RECORDED DATA
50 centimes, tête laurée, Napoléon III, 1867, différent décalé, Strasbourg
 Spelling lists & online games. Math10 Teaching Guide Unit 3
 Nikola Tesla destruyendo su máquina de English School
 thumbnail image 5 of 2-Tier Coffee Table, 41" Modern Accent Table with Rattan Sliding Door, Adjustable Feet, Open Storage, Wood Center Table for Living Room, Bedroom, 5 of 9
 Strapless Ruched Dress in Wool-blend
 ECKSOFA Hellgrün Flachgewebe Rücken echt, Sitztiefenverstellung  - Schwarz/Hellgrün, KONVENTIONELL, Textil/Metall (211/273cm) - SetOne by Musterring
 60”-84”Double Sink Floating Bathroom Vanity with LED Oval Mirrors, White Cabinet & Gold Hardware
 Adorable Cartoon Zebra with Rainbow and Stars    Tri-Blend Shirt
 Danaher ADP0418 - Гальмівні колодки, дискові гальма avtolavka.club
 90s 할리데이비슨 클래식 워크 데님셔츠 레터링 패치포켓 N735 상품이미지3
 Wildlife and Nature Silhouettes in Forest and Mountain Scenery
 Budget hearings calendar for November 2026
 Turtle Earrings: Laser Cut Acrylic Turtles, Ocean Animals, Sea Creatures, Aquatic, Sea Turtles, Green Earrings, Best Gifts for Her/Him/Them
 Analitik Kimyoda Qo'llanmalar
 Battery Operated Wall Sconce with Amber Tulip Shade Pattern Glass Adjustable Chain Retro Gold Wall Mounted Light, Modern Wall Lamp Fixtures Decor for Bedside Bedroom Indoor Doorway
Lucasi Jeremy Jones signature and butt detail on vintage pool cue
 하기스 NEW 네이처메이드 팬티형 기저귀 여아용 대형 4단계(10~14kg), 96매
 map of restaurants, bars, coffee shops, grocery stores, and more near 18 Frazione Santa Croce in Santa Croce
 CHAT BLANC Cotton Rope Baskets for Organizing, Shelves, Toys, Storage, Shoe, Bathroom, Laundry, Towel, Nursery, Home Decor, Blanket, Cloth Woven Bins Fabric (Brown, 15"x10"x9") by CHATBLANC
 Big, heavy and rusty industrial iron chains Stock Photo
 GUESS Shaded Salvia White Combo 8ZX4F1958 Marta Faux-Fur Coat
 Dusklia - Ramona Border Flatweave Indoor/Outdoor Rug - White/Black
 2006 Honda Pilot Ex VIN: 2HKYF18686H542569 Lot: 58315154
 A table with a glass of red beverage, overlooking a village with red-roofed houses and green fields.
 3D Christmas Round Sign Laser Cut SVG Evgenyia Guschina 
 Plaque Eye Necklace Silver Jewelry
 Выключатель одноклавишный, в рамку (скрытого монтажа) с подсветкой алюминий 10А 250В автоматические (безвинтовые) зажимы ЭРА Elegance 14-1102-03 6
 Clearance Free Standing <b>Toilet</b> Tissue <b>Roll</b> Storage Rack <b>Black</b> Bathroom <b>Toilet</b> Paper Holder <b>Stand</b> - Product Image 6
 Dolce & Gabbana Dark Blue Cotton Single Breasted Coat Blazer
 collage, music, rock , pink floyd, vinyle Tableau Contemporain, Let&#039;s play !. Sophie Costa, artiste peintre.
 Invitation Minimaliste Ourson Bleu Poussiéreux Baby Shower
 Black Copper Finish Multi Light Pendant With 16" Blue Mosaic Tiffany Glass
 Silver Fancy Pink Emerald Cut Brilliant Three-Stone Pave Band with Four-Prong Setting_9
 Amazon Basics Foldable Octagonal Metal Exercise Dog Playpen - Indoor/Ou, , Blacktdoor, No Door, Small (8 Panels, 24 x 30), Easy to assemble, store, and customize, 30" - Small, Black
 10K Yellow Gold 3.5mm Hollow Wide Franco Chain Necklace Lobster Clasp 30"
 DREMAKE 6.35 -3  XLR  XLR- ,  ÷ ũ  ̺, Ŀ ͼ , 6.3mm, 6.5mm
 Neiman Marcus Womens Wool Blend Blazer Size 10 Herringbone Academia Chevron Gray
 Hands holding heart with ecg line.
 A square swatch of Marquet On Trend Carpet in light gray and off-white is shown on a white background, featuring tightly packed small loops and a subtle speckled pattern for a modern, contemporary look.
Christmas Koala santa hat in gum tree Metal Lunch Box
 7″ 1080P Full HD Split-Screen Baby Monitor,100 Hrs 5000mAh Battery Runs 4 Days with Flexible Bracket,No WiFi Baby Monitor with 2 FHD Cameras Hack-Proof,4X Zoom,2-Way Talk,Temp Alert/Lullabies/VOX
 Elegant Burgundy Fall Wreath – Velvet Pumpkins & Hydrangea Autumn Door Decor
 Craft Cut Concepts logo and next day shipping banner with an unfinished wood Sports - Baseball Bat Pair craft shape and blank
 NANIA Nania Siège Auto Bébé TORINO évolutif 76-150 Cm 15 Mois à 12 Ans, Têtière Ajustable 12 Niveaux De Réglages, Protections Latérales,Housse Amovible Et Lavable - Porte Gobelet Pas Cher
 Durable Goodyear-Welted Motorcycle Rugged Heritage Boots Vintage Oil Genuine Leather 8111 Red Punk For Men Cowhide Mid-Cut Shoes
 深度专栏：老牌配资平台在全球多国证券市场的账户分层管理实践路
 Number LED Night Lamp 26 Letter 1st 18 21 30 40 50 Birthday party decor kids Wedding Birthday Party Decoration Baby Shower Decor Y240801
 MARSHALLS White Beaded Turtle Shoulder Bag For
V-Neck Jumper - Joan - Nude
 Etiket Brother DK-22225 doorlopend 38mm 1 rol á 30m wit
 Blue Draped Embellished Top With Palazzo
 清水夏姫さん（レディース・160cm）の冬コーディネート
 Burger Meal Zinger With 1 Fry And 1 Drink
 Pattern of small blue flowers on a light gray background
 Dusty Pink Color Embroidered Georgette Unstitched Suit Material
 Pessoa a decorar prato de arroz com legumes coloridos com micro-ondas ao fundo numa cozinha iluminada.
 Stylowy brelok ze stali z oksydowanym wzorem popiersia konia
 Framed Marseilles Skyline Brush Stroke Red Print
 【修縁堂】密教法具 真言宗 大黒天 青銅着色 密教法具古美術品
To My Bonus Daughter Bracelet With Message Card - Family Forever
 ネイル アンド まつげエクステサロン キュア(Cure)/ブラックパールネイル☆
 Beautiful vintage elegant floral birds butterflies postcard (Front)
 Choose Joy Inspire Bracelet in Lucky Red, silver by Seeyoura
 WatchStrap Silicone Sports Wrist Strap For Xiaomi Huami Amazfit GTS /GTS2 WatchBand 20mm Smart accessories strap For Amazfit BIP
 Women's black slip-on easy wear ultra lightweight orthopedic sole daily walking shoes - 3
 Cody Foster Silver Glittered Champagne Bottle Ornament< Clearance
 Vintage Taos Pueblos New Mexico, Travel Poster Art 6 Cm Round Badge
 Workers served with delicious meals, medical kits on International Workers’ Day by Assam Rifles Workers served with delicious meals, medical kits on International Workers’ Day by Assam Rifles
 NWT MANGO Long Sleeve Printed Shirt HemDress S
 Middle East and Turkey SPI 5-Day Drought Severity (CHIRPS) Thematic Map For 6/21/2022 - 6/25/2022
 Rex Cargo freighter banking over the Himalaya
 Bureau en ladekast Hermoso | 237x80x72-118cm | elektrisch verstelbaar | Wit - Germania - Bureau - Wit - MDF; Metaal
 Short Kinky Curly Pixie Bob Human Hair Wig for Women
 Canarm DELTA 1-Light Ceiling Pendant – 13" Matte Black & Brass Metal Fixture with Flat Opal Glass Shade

WORK TO COMPLETE
For the string "Christmas", show each line of the listing where it appears.

WRITTEN SOLUTION
 3D Christmas Round Sign Laser Cut SVG Evgenyia Guschina 
Christmas Koala santa hat in gum tree Metal Lunch Box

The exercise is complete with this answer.